Seine River MLA Theresa Oswald lost to Selinger Sunday at an NDP leadership convention by 33 votes.

Selinger called the convention after Oswald, Struthers and three other high-ranking cabinet ministers called on him to step down last November. 

After a brief and uneasy truce with the premier, the five ministers held a press conference Nov. 5 to resign from cabinet.

"Theresa made it very clear that we would respect the wishes of the membership," Struthers said.

"I was hopeful that that meant that we could start working with all our oars in the water and travelling in the same direction, but that hasn't been the case as of yet."

Selinger undecided on what to do with rebels

Monday, Selinger said he had not made a decision on what to do with the rebellious ministers but that everyone has learned to work more collaboratively since his leadership style was challenged last fall.

Fort Rouge MLA Jennifer Howard and Minto MLA Andrew Swan, two of the dissidents, told CBC News Thursday they intend to run for the NDP in the April 2016 provincial election.

The other three dissidents haven’t decided if they will run.

"There's a lot up in the air right now," Southdale MLA Erin Selby said in a written statement.

"I'm waiting to see what happens before I make any decisions. The premier said he wants to bring the caucus and party together, and I’m interested in the same thing.
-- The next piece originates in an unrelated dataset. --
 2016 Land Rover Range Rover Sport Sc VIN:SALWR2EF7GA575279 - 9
The ball is in his court right now."

Rebuilding party 1 by 1

Jobs and the economy minister Kevin Chief said the rebuilding of the NDP is something all caucus members are committed to.
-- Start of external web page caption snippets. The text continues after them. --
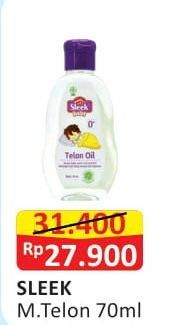 Promo Harga SLEEK Baby Telon Oil 70 ml - Alfamart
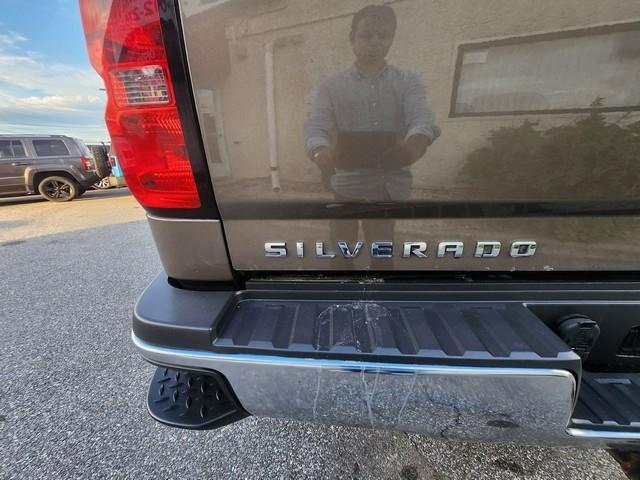 Chevrolet Silverado 2500HD 4WD Crew Cab 153.7" LT 2015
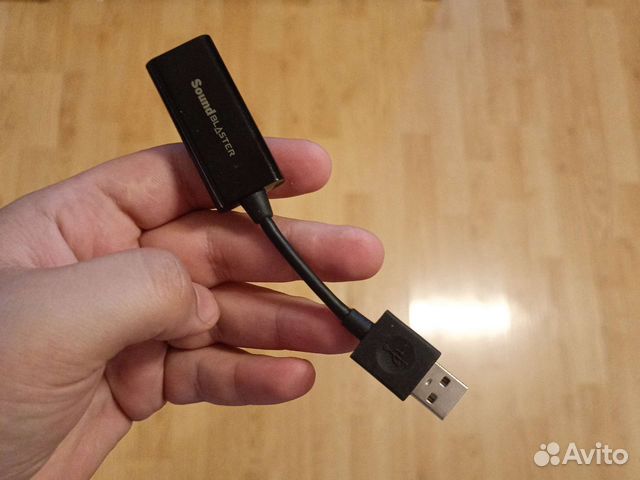 Creative Sound Blaster Play 3 купить в Москве | Электроника | Авито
He said even if some members are barred from wider meetings, conversations can still happen one on one.

"Coming back together and being together is one part of it,” Chief said Thursday. “A lot of the work that's actually going to happen is going to be those conversations, is going to be talking to one another.”

Chief said he's reached out to some of the rebels since Sunday's vote but it’s up to the entire caucus to decide if the rebels will be allowed back in.

Chief wouldn't give a timeline of when he'd like to see them back as full participating members of the NDP caucus.

"Some of them I've spoken to consistently throughout the whole leadership campaign," Chief said. "There's not one caucus member that I wouldn't feel comfortable calling, asking for support, asking for advice and I'm going to continue to do this."

'We had a caucus meeting that left people out'

In December, the NDP caucus stripped the five former ministers and outspoken Flin Flon MLA Clarence Pettersen of decision-making powers and blocked them from attending caucus meetings.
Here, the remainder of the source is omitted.